- [Recorded data]:
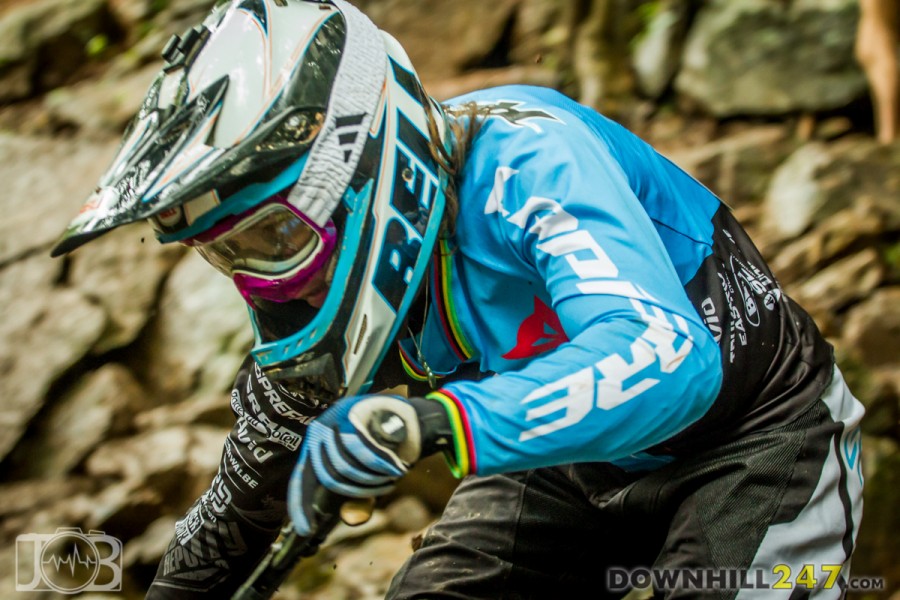 Blinky's teammate, Emmeline Ragot, fully focused during qualifying.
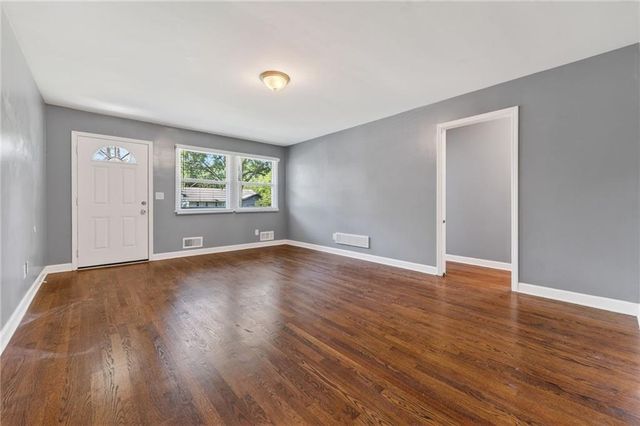 1340 E 84th Street, Kansas City, MO 64131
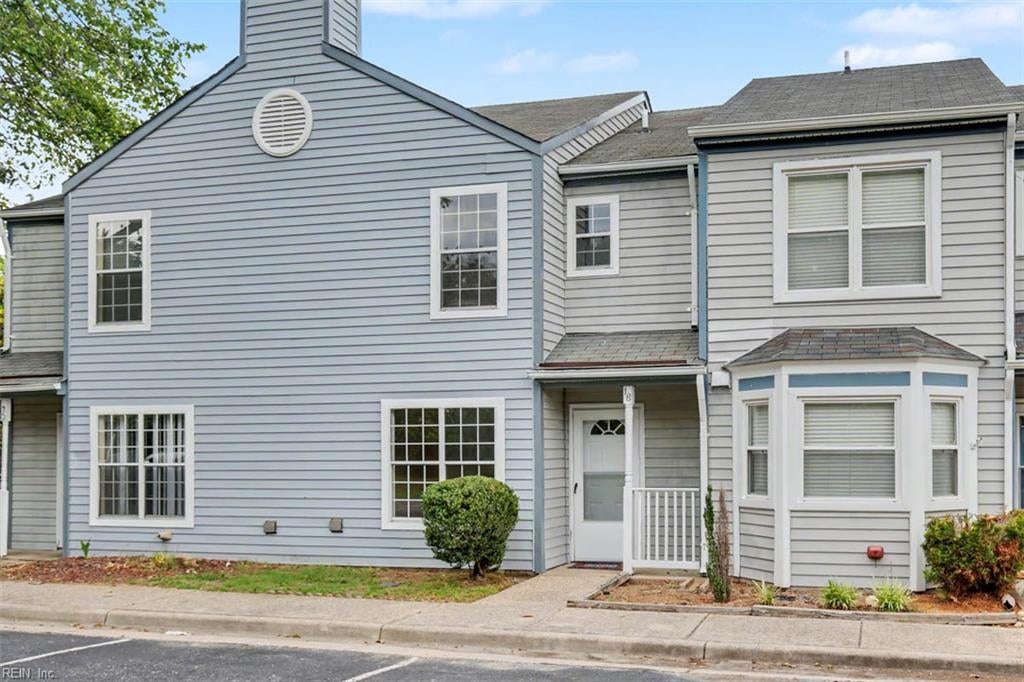 Photo of 18 Bayview Court, Hampton, VA 23664 (MLS # 10640203)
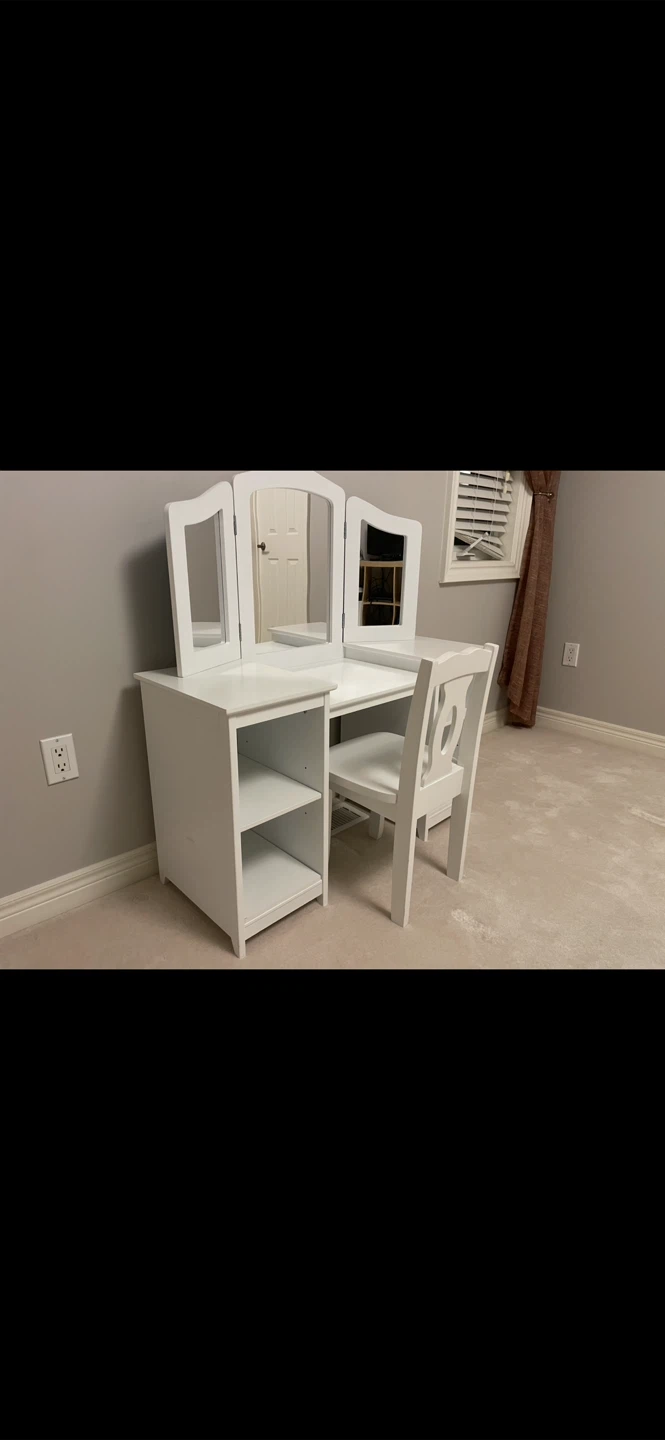 White Vanity Table and Chair Set with Triple Mirror - photo 3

- [Goal of the exercise]: An exact repeat of the listing above, pictures excluded, is the answer.

- [Result]:
 Blinky's teammate, Emmeline Ragot, fully focused during qualifying.
 1340 E 84th Street, Kansas City, MO 64131
 Photo of 18 Bayview Court, Hampton, VA 23664 (MLS # 10640203)
 White Vanity Table and Chair Set with Triple Mirror - photo 3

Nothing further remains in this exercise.